Participants

Alex N. Jose, Pat Meenan, Andrew Galloni, Nic Jansma, Alex Christensen, Sean Feng, Ian Clelland, Marcel Duran, John Engebretson, Giacomo Zechini, Nitish Mittai, Ankit Jain, Alon Kochba, Hardien Raffali, Michal Mocny, Philip Walton, Noam Helfman, Yoav Weiss, Neil Craig, Tim Kadlec, Carine Bournez, Philip Tellis, Xiaochen Hu

Minutes

A/B testing - Alex N. Jose

Presentation recording

Alex: Discussions last year about this
A/B testing is about applying changes to a web application on the browser - typically cosmetic changes
Using JS to perform those changes which often results in a performance cost - scripts is fetched, parsed and executed and if done in a blocking way that incurs a penalty in FP/FCP
If we’re not blocking, the result is a flash on pre-modification document
It’s a flexible solution that enables non-technical folks to run experiments and is very popular
Even for teams that do server-side A/B testing, client-side enables them to offload some cosmetic efforts
Discussed last year. Basically we want the outcomes of A/B testing without the performance penalties
Had ideas around standardizing a transformation language, using edge as the insertion point or to block just rendering in the browser without parser blocking
Took some of those ideas and explored how that would function, resulting in a spec sketch and a prototype.

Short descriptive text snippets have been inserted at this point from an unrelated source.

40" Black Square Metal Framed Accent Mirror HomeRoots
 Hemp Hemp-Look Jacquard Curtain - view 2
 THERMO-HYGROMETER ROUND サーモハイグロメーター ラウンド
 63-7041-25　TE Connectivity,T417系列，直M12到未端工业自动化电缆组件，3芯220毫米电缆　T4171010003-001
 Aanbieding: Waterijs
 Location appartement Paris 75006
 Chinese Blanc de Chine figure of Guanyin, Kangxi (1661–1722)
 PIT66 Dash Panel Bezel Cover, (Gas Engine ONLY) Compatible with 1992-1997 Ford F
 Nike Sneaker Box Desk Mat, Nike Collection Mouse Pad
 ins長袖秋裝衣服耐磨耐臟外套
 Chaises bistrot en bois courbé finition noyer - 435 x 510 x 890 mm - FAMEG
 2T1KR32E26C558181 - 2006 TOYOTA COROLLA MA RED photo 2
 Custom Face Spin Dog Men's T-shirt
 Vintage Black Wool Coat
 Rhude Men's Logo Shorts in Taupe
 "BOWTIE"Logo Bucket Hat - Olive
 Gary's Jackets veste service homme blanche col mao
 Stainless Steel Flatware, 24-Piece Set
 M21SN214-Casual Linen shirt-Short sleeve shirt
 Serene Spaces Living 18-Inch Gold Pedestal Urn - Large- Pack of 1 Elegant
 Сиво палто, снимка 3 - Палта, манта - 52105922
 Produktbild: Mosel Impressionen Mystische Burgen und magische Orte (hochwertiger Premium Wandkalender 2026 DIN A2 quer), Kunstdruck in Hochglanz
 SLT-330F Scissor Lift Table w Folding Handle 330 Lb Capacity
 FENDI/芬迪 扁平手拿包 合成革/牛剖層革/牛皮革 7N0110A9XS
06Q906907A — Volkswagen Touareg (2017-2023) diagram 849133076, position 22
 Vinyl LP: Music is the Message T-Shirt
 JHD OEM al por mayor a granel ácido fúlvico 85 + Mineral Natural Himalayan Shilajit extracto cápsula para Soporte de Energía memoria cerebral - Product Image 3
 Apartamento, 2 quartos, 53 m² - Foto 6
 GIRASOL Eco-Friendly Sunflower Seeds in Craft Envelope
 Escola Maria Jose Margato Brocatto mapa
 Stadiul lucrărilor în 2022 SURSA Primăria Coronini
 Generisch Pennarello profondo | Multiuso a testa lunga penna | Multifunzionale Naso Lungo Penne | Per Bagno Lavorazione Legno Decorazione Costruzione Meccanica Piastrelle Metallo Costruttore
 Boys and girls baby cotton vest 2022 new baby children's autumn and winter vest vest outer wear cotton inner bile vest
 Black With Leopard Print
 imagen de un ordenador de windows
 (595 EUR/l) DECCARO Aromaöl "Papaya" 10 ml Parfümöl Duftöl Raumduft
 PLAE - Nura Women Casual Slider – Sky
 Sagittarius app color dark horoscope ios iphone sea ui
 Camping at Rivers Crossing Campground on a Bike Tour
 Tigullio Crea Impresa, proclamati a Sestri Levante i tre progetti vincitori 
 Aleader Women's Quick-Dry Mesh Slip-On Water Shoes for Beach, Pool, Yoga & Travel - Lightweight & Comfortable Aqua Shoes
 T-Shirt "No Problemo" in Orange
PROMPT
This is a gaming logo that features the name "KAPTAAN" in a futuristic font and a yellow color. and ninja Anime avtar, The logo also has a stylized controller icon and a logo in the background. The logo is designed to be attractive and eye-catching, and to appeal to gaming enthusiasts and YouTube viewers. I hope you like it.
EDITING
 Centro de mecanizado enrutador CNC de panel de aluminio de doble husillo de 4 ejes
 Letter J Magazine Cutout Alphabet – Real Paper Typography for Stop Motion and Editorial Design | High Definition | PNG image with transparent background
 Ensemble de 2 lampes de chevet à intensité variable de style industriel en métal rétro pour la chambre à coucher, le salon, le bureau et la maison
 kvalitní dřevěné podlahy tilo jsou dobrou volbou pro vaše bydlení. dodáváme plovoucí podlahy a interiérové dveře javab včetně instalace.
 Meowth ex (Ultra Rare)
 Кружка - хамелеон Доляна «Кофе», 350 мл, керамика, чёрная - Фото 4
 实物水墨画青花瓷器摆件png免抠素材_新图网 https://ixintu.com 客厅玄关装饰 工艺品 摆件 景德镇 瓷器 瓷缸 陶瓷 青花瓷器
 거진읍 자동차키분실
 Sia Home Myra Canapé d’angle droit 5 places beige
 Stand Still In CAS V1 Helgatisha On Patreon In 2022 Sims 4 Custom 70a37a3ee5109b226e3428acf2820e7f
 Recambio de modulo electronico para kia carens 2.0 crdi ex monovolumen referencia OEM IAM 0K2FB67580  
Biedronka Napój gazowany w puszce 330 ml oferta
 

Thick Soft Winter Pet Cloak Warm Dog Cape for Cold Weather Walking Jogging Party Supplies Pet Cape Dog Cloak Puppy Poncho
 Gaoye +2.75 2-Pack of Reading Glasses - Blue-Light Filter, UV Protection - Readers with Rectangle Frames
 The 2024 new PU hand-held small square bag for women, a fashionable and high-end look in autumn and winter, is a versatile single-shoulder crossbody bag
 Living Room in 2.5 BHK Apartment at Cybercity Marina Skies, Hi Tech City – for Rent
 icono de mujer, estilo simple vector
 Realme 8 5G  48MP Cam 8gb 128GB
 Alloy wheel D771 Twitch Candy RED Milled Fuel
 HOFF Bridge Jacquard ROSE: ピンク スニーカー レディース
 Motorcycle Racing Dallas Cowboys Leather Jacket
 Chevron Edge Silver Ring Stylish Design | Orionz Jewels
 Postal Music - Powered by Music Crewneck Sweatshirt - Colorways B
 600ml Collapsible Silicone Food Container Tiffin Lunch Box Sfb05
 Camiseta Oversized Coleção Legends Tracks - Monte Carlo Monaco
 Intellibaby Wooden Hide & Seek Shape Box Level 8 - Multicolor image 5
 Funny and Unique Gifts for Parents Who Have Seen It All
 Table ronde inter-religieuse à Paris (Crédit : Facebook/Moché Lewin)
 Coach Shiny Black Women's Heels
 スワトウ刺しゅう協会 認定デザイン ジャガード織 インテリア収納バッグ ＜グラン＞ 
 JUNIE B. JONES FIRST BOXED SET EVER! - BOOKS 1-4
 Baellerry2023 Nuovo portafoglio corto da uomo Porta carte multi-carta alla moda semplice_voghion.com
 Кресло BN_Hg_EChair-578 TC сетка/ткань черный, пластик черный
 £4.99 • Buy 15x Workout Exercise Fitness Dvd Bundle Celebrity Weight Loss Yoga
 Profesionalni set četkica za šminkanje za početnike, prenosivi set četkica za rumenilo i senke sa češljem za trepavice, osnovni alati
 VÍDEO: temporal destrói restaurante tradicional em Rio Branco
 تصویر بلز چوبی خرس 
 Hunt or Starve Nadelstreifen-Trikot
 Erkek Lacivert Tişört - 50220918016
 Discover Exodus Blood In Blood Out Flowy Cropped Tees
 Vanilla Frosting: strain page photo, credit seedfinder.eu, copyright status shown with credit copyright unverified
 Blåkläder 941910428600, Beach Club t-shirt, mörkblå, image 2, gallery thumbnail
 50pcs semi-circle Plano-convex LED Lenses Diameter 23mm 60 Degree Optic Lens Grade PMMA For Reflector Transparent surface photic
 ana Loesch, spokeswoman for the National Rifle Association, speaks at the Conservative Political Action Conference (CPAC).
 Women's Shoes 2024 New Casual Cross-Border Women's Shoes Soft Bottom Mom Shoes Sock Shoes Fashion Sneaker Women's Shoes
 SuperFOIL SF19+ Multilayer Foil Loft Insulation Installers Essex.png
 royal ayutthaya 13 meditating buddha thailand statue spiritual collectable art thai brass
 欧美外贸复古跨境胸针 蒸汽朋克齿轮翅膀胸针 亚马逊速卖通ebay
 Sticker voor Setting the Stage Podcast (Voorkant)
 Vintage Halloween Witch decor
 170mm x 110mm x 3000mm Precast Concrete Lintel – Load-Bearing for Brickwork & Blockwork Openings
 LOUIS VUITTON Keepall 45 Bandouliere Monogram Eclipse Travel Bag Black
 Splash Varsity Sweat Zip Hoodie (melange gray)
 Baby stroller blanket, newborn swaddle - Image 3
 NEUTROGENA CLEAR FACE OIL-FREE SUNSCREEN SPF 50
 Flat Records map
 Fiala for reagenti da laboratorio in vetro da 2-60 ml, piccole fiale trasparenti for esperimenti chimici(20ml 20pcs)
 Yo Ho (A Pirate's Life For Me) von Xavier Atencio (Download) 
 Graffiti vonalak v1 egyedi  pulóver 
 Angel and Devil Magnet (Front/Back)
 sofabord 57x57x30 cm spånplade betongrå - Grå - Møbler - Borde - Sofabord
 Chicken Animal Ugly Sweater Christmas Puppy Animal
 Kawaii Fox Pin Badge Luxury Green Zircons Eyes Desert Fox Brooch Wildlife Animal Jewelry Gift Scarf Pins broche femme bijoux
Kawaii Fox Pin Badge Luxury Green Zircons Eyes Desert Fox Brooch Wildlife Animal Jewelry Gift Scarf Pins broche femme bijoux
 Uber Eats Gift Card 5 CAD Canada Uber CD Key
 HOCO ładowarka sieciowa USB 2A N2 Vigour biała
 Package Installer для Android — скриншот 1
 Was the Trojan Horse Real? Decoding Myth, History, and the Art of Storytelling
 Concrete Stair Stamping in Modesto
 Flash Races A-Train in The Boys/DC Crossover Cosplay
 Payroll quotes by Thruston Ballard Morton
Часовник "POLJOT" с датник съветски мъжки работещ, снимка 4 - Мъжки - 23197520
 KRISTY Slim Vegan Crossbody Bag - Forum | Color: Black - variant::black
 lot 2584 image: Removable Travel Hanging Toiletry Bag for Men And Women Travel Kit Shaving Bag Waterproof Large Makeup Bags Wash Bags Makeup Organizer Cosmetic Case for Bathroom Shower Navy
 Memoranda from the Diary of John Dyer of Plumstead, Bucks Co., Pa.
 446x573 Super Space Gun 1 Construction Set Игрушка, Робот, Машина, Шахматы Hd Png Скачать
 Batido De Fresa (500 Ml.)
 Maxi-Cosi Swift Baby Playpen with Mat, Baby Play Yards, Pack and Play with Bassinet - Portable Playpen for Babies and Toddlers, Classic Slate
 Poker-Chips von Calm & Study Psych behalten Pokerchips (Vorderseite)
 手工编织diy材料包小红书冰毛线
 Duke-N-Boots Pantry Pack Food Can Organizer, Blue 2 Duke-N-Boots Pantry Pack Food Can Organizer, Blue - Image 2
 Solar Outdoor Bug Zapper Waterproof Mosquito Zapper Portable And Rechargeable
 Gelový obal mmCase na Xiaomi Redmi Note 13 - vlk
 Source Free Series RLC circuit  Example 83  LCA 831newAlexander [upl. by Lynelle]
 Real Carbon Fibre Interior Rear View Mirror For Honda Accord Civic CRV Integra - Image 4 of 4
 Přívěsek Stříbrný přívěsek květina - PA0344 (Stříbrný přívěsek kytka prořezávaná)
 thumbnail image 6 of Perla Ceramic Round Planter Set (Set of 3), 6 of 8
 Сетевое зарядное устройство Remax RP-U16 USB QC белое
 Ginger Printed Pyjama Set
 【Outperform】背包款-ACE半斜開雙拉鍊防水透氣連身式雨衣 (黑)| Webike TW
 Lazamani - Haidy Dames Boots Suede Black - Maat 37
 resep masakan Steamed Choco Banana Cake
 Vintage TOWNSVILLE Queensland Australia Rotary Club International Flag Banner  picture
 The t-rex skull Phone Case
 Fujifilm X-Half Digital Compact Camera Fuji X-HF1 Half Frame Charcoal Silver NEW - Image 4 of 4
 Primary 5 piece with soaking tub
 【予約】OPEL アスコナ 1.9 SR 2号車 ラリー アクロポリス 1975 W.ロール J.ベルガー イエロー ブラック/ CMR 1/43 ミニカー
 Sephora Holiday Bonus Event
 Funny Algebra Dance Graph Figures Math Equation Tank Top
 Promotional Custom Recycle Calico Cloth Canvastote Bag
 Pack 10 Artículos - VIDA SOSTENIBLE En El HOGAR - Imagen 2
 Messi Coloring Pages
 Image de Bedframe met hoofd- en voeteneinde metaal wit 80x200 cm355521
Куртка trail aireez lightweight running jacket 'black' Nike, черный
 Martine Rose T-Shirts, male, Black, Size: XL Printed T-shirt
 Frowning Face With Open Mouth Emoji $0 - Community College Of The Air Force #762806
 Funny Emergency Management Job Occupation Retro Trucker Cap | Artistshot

Hoping to get feedback on that.
Conceptually, A/B testing is composed of a control document and a set of transformations, expected to be idempotent, so if you apply them multiple times, there are no side effects. E.g. if you have a list of items and the user goes back to a page, the items won’t be duplicated.
We don’t define in the spec how these transformations are idempotent, only that they should be
We broadly classify the transformation to be of 2 types: pre_ua and on_ua
The pre_ua are equivalent to a server-side transforms
On_ua ones are ones that require client-side JS - e.g. for SPAs
Want to apply both without performance degradations
What would a transform look like?
Examples include color changes, title changes, different text, coloring the first item in a list, etc
Sequence diagram of a prototype through a CloudFlare worker
For the prototype I’m using a git based mechanism, not a real A/B provider
Code + on_ua transforms are injected to the head of the document
The prototype is using a mutation observer that listens to all the DOM changes, and that’s the only blocking work
The rest of the work happens async, as the browser parses the document and when JS is making changes to the DOM. Each matching element gets processed through the transform functions.
Transform functions are current generic JS, want to open that for debate
Demo is using Cloudflare workers with Low Latency HTML parser and using a GH gist as the JSON source.
Used React MVC for the demo.
Title is created in JS along with the rest of the app. Want to change it as it’s created.
Control json
Includes the 2 variants
The transformation itself is JS
Could create issues because the language for on_ua and pre_ua is not the same, and edge may not run arbitrary JS
We have an ongoing test, so that as the list gets added more items, the styles get re-applied to what’s now the first - done for demo purposes
*demos that page is switching between variant A and B*
No flash of pre-variant content, and variations are applied on an ongoing basis as items are added to the list
From a perf characteristics, there’s no visible cost to running the experiment
In repeated tests, it doesn’t show significant perf costs
Key lessons - The edge/CDN based approach enables parallel A/B configuration fetch
Having the transformations before document creation is key to performance - head injection
CDNs may not be excited about arbitrary JS
Where do we go from here?
Could standardize the transforms and move away from JS, even though that’s different from what A/B testers are doing today.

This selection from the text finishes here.